Monday, November 24, 2014

"Uncle Sam Can't Count" by Burton and Anita Folsom (2014)

This was almost a good book. There is much to love about it, and until the last 70 pages, or so, this was also an informative book. That was before the authors unleashed their true agenda against Obamacare, and a few other things not in keeping with their agenda of promoting fracking as the private enterprise answer to government subsidies, even as the government is being asked to fund the Keystone pipeline.

I love history, and for the first 100 or so pages this book truly rocked with the stories of failed government attempts to build canals, planes, guns; even trade in furs during the early days of the Republic. It was wonderful to read, all factually based and backed up by history. That was before we got to the 20th century and oil.

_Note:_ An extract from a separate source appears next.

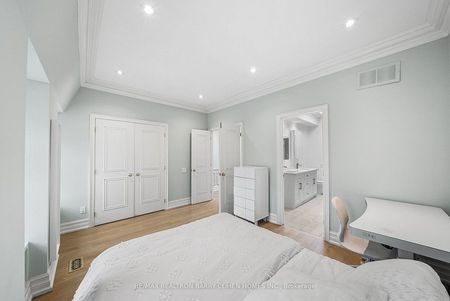 For Lease - 121 Davenport Road, Toronto, Ontario - Photo 4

From the moment Rockefeller enters as a hero the book goes downhill. There is a lot to be said concerning the accomplishments of the world’s first billionaire. But at the bottom of those accomplishments are the land grabs, and drilling sideways into a competitor’s well. But that never gets mentioned. To the authors, he was a visionary.

The Great Depression is distilled into one bad decision at the end of President Hoover’s last year in office. The prosperity of the twenties is touted loudly, while ignoring the fact that the farm foreclosures and falling prices for agricultural produce were even then combining with the over production of automobiles by Ford, and the buying of stocks on margin, to create the biggest disaster in American economics until the “recession” of 2008.

In the world of these two authors the only successful government project was the Manhattan Project, which produced the first 2 atomic bombs. The fact that those bombs killed less people for more money never gets mentioned, although getting a smaller plane for more money was an evil when the government was subsidizing Langley in the race to build the first plane. If this seems to be a strange and unequal analogy, don’t blame me. It is the result of the inconsistency of the authors in attempting to make their case.

The TVA and the Hoover Dam are never mentioned at all in this book, even as the authors take careful aim at all of Roosevelt’s other Depression Era programs as ineffective. It’s pretty convenient to cherry pick the facts in order to obtain the conclusion you desire.

Presidents Reagan and Bush, who first opened up the doors for ethanol; which is one of the biggest frauds ever, are both mentioned before the ball is passed to President Obama, leaving the reader with the impression that he is responsible for the debacle of using food for fuel.
   
Ethanol saves neither fuel nor alleviates pollution. It simply wastes food and drives up the cost of everything. This is something on which the authors and I agree. The only difference is that I blame Reagan and Bush, who started it. If they think that Obama can end the farm and fuel subsidies on his own, then they are living in a dream world.

As I said, there is much to like about this book. I just happen to like my history served up plainly, without the agenda. The funny thing is that until they started hammering me with that agenda I was sort of seeing things in the same light.